● EXERCISE REQUIREMENTS: The output is the line containing "Hello there guys, just" plus every later line down to the end of the listing below, copied exactly. No pictures belong in it.
(Beginning of AVAILABLE DATA)
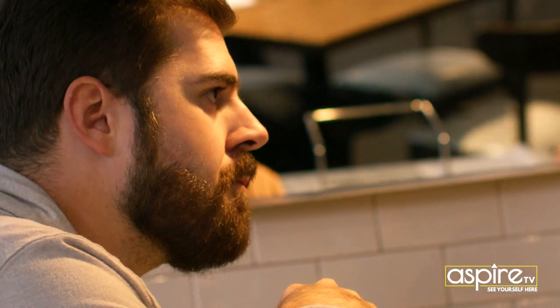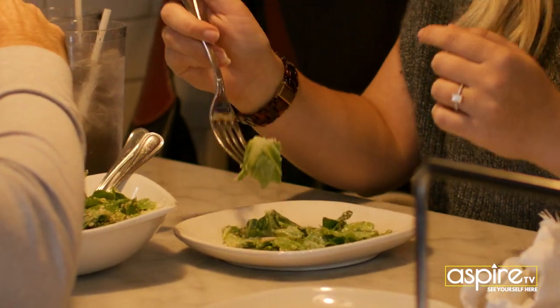We had everything we needed — the oven, most of the equipment. Tables and chairs were mostly here, and all we had to do was kind of give it a facelift. You'll see all the murals and the graffiti. We hired a local artist and he came in and basically threw a coat of paint on the walls. We cleaned everything deeply.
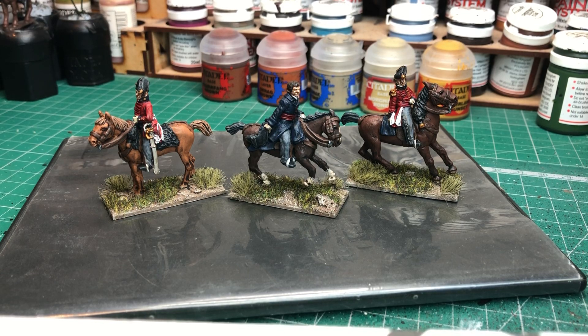Hello there guys, just thought I'd squeeze in the last video of 2020, just to see what I've managed to finish up over the last week or so. I think you've seen these guys before on the workbench, just at a very early stage, and these are the Perrymetal British ADCs, the Napoleonic range.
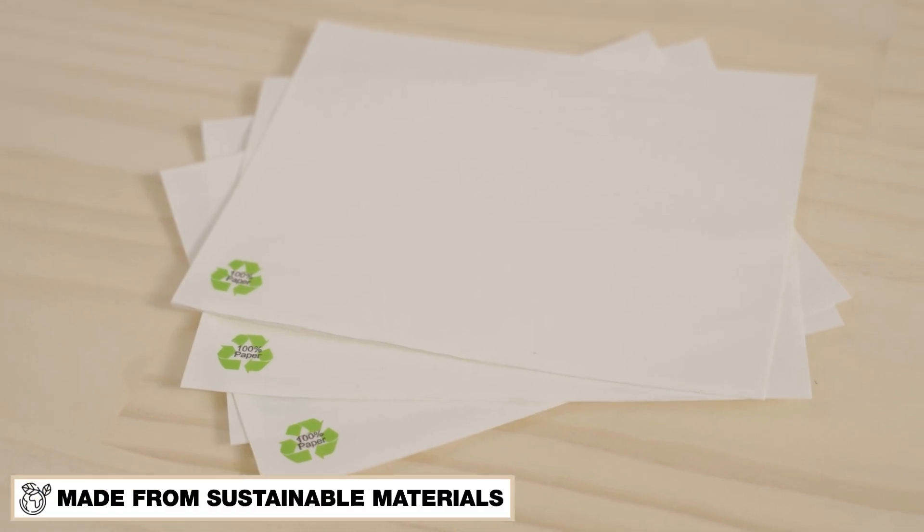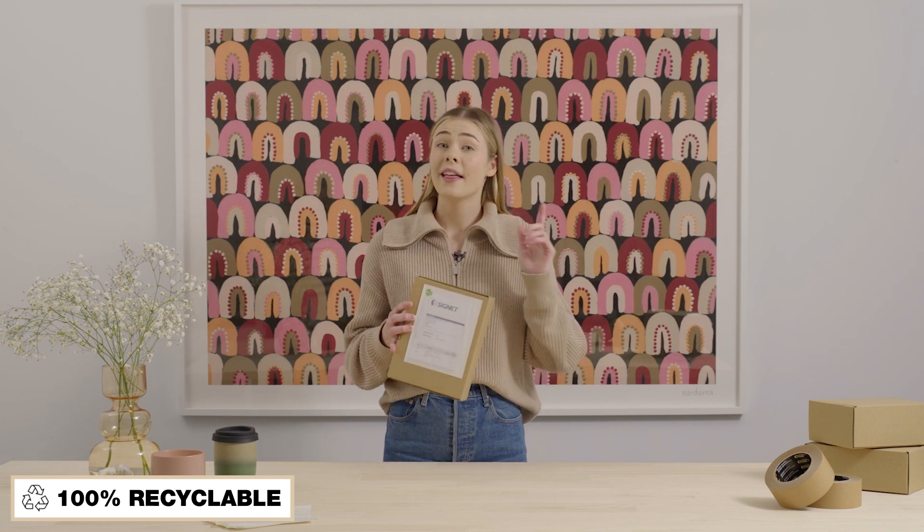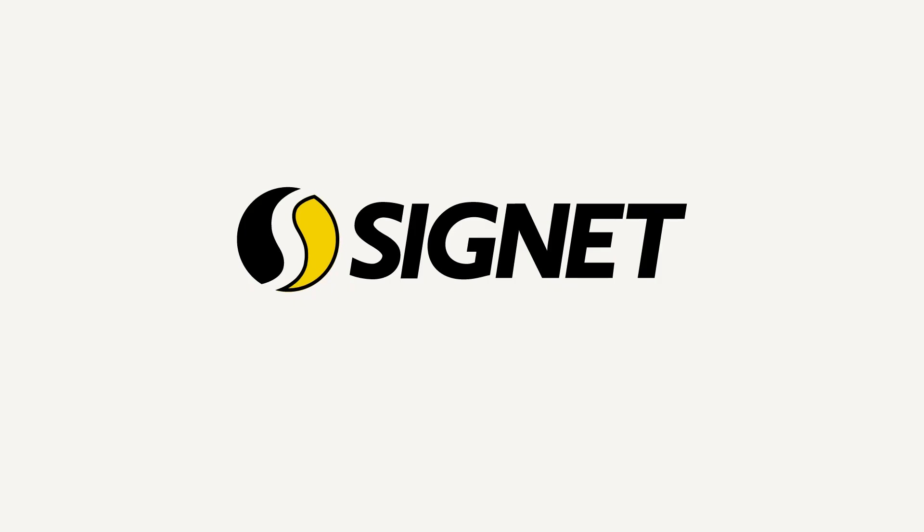These ones are also made of sustainable materials and are 100% recyclable and biodegradable. That means you don't need to remove these ones from the box before putting them into recycling. So it's really a very easy switch from the old plastic doculopes to Signet's paper doculopes for a great environmentally friendly option. And I'll see you next time. Thank you.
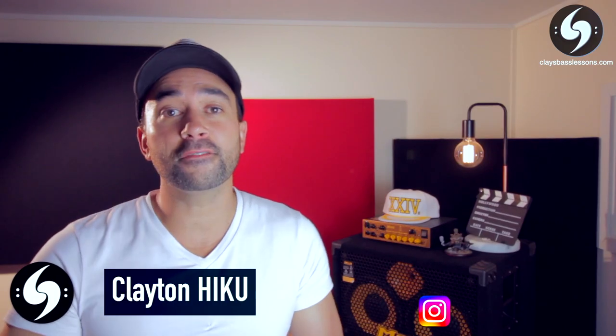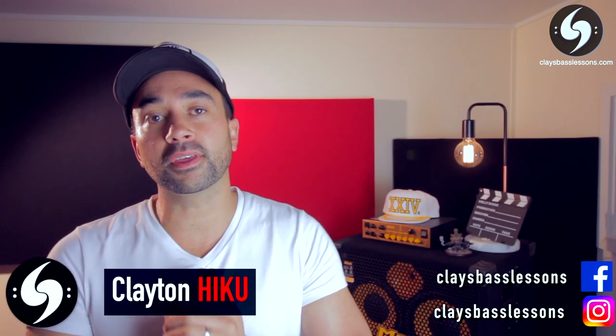What's up my funktastic friends, Clay here for another Riff in a Minute lesson where you learn everything you need to know how to play a riff in just one minute. This week's lesson is a song that my students still request to learn all the time — it's Pumped Up Kicks by Foster the People.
(End of AVAILABLE DATA)
● TASK SOLUTION:
Hello there guys, just thought I'd squeeze in the last video of 2020, just to see what I've managed to finish up over the last week or so. I think you've seen these guys before on the workbench, just at a very early stage, and these are the Perrymetal British ADCs, the Napoleonic range.
These ones are also made of sustainable materials and are 100% recyclable and biodegradable. That means you don't need to remove these ones from the box before putting them into recycling. So it's really a very easy switch from the old plastic doculopes to Signet's paper doculopes for a great environmentally friendly option. And I'll see you next time. Thank you.
What's up my funktastic friends, Clay here for another Riff in a Minute lesson where you learn everything you need to know how to play a riff in just one minute. This week's lesson is a song that my students still request to learn all the time — it's Pumped Up Kicks by Foster the People.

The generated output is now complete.